Non essendo necessari ulteriori accertamenti di fatto, la sentenza impugnata può essere cassata limitatamente all’accoglimento del quinto motivo nei termini appena riportati, con conseguente relativa decisione nel merito (ai sensi dell’art. 384, comma 2, c.p.c.), consistente nel disporre l’elisione – dalla sentenza stessa – della pronuncia relativa al riconoscimento della liquidazione degli importi imputabili a CPA, spese generali e IVA (se, in ipotesi, dovuta) in favore dell’appellato Comune di Milano.
8. In definitiva, il Collegio rigetta i primi quattro motivi del ricorso, accoglie – per quanto di ragione – il quinto motivo e, decidendo nel merito su quest’ultimo, elide dalla sentenza impugnata la pronuncia sul riconoscimento degli importi imputati a CPA, spese generali e IVA.

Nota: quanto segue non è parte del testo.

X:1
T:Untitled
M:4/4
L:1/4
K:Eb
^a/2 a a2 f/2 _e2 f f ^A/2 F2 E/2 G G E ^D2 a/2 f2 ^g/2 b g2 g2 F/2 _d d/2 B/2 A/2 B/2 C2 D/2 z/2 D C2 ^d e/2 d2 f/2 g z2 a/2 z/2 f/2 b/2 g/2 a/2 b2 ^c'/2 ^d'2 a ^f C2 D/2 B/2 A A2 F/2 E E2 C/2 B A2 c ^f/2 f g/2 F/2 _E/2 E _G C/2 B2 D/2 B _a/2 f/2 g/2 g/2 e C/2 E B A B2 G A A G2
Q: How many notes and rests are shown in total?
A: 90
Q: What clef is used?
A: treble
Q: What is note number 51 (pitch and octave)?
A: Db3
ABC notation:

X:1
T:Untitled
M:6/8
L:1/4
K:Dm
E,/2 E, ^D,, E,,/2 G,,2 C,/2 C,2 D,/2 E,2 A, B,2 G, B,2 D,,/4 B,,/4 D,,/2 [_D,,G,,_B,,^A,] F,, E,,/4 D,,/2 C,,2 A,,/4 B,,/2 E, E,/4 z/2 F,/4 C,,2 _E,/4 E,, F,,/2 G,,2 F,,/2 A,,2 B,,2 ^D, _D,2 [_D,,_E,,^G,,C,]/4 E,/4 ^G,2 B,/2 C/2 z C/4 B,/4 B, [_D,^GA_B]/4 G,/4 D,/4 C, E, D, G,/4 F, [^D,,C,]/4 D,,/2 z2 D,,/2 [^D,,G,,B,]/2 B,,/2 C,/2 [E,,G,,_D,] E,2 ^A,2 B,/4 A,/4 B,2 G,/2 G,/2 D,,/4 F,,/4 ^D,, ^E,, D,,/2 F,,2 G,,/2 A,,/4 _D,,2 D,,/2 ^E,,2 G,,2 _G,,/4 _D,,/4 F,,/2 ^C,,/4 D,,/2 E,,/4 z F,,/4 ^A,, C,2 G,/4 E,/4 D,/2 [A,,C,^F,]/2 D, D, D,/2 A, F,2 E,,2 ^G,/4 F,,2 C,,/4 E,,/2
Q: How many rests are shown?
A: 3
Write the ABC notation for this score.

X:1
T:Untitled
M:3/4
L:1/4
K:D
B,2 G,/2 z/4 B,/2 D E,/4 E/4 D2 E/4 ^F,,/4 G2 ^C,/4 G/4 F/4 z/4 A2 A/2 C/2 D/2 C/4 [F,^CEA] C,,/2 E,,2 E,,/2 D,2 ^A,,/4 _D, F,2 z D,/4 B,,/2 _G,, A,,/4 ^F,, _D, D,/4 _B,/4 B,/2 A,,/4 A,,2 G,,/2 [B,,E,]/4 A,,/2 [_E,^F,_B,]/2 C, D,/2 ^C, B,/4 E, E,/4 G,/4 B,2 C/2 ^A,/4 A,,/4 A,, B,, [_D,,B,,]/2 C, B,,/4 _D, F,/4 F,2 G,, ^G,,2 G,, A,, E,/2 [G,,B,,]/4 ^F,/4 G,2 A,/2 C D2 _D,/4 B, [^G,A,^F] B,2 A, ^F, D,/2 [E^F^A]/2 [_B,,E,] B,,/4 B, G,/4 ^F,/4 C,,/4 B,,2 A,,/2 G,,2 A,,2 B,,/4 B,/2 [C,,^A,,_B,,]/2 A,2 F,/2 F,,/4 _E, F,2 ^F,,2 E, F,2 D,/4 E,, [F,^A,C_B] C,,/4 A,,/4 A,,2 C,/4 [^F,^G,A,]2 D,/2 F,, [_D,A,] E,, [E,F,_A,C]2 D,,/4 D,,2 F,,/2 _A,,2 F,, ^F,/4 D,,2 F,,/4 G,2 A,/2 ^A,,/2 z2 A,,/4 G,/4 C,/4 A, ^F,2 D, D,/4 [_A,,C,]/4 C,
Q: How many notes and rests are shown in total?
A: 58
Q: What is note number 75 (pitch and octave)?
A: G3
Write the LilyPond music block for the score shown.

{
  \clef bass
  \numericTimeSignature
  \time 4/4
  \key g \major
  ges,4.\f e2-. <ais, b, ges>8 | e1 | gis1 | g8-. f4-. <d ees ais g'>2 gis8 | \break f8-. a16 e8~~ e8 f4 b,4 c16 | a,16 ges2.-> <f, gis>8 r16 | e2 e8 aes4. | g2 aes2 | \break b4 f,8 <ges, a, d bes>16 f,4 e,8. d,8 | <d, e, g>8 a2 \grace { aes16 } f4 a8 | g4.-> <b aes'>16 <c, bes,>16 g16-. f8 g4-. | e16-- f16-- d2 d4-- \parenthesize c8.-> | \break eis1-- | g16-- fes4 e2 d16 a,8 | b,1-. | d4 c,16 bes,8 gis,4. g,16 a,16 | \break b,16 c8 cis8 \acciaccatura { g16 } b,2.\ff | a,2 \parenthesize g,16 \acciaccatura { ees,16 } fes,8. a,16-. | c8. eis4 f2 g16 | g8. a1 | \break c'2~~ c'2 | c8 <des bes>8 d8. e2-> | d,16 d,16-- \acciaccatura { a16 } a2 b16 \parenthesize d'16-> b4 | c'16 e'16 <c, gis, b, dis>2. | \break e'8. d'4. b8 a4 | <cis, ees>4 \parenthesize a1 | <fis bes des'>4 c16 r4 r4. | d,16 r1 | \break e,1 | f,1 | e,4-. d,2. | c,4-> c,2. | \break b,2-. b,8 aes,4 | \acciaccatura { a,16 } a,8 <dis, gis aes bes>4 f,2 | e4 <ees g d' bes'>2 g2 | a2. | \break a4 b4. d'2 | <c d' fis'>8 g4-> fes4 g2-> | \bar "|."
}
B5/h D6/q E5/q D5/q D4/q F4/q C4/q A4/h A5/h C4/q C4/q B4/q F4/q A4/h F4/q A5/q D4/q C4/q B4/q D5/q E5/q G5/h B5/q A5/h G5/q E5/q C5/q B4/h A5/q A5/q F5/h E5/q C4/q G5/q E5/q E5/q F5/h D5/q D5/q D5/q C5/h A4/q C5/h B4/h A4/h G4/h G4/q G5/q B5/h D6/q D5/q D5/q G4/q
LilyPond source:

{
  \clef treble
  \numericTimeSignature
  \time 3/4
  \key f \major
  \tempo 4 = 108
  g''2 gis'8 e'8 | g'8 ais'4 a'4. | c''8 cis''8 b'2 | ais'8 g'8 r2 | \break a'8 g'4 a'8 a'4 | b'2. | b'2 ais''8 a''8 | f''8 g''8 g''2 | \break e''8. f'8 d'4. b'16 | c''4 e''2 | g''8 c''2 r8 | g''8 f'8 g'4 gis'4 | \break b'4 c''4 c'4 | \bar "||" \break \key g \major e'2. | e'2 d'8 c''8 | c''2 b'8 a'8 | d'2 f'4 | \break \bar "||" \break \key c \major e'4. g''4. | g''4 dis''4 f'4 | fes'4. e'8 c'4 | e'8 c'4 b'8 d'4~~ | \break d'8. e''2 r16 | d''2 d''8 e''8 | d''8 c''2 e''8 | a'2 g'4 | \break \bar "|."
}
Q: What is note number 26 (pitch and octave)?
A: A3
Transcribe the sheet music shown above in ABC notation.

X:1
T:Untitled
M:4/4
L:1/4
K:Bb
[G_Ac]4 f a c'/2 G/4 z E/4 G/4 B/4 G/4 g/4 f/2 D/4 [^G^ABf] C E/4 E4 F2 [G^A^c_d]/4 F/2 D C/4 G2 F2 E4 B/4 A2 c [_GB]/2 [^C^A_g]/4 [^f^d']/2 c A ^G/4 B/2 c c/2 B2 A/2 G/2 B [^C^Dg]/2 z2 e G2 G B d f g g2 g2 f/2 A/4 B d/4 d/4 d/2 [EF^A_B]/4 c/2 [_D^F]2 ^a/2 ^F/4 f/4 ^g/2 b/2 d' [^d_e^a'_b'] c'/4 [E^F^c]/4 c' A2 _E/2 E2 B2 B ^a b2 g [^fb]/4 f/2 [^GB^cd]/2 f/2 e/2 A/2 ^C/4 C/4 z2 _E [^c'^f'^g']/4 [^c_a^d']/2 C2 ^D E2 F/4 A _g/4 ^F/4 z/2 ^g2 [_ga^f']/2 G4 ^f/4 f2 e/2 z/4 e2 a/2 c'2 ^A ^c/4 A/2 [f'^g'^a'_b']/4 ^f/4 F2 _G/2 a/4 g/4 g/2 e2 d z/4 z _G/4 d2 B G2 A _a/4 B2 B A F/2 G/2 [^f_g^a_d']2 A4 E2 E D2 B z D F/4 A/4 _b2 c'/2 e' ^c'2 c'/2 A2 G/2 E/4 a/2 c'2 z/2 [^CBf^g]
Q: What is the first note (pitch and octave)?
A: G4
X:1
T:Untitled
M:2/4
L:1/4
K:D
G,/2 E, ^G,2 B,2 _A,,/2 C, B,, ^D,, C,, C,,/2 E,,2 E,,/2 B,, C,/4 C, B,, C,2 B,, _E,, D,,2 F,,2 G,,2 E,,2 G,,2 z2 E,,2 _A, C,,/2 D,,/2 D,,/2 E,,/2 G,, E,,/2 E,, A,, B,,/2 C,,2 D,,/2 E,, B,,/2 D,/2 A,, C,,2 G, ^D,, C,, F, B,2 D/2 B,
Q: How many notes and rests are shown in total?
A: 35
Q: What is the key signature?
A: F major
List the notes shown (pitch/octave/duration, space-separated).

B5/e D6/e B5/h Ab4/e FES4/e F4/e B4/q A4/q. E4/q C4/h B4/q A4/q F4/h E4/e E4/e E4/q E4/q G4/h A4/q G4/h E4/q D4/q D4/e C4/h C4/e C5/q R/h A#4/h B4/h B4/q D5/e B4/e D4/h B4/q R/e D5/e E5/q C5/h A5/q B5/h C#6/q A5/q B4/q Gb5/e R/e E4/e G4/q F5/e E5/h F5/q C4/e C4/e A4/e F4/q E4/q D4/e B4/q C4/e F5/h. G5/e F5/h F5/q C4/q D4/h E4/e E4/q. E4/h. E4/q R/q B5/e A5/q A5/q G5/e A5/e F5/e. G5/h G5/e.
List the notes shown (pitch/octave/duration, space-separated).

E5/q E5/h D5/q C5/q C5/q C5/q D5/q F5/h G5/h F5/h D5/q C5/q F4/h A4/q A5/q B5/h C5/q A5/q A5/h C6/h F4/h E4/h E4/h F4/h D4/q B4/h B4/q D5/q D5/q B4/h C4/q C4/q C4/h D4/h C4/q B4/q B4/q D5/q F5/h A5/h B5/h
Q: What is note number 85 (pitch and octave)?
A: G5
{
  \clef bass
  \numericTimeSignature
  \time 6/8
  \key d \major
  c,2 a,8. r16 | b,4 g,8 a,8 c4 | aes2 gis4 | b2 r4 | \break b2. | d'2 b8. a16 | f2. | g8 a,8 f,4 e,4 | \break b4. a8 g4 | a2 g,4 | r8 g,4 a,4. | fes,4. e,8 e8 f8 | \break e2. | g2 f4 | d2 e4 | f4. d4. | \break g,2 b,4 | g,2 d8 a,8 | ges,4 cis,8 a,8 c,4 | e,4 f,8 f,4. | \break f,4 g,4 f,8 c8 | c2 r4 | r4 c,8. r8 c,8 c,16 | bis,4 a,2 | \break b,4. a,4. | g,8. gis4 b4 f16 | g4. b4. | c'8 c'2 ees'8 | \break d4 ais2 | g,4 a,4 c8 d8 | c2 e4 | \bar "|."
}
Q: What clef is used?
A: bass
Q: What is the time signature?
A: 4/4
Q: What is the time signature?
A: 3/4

8.1. In virtù dell’assenza di precedenti specifici di questa Corte sulla peculiare questione esaminata con riferimento ai primi due motivi di ricorso e stante la parziale reciproca soccombenza tra le parti, si ravvisano giuste ed oggettive ragioni per disporre l’integrale compensazione delle spese del presente giudizio.
P.Q.M.
La Corte accoglie, per quanto di ragione, il quinto motivo di ricorso e rigetta i restanti; cassa la sentenza impugnata in relazione al motivo accolto e, decidendo nel merito sullo stesso, elide dalla sentenza impugnata il riconoscimento degli importi imputati a CPA, contributo forfettario per spese generali e IVA in favore del Comune di Milano.